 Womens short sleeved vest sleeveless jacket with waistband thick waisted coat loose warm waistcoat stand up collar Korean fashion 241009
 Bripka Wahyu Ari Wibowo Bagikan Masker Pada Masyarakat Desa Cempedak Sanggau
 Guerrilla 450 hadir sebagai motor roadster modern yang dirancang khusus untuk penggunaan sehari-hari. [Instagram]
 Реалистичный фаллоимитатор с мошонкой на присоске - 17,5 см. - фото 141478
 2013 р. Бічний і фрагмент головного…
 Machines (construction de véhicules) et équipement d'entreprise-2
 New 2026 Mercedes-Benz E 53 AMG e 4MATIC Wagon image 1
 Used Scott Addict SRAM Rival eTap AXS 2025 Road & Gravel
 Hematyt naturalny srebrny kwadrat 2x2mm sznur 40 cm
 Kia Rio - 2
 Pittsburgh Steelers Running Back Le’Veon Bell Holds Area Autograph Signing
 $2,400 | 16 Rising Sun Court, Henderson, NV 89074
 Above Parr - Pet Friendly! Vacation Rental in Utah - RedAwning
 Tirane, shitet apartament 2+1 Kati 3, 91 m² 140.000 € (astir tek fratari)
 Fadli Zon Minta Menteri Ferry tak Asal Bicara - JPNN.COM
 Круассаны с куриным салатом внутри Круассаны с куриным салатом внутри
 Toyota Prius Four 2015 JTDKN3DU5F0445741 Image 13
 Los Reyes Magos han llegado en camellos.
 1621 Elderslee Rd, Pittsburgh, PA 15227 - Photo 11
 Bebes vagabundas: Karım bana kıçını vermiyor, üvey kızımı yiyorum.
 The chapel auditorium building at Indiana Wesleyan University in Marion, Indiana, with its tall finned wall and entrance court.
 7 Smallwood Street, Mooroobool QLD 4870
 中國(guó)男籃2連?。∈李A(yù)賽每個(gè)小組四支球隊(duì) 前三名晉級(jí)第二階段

### Work to complete
Would you return the entries exactly as they stand?

### Answer for this exercise
 Womens short sleeved vest sleeveless jacket with waistband thick waisted coat loose warm waistcoat stand up collar Korean fashion 241009
 Bripka Wahyu Ari Wibowo Bagikan Masker Pada Masyarakat Desa Cempedak Sanggau
 Guerrilla 450 hadir sebagai motor roadster modern yang dirancang khusus untuk penggunaan sehari-hari. [Instagram]
 Реалистичный фаллоимитатор с мошонкой на присоске - 17,5 см. - фото 141478
 2013 р. Бічний і фрагмент головного…
 Machines (construction de véhicules) et équipement d'entreprise-2
 New 2026 Mercedes-Benz E 53 AMG e 4MATIC Wagon image 1
 Used Scott Addict SRAM Rival eTap AXS 2025 Road & Gravel
 Hematyt naturalny srebrny kwadrat 2x2mm sznur 40 cm
 Kia Rio - 2
 Pittsburgh Steelers Running Back Le’Veon Bell Holds Area Autograph Signing
 $2,400 | 16 Rising Sun Court, Henderson, NV 89074
 Above Parr - Pet Friendly! Vacation Rental in Utah - RedAwning
 Tirane, shitet apartament 2+1 Kati 3, 91 m² 140.000 € (astir tek fratari)
 Fadli Zon Minta Menteri Ferry tak Asal Bicara - JPNN.COM
 Круассаны с куриным салатом внутри Круассаны с куриным салатом внутри
 Toyota Prius Four 2015 JTDKN3DU5F0445741 Image 13
 Los Reyes Magos han llegado en camellos.
 1621 Elderslee Rd, Pittsburgh, PA 15227 - Photo 11
 Bebes vagabundas: Karım bana kıçını vermiyor, üvey kızımı yiyorum.
 The chapel auditorium building at Indiana Wesleyan University in Marion, Indiana, with its tall finned wall and entrance court.
 7 Smallwood Street, Mooroobool QLD 4870
 中國(guó)男籃2連?。∈李A(yù)賽每個(gè)小組四支球隊(duì) 前三名晉級(jí)第二階段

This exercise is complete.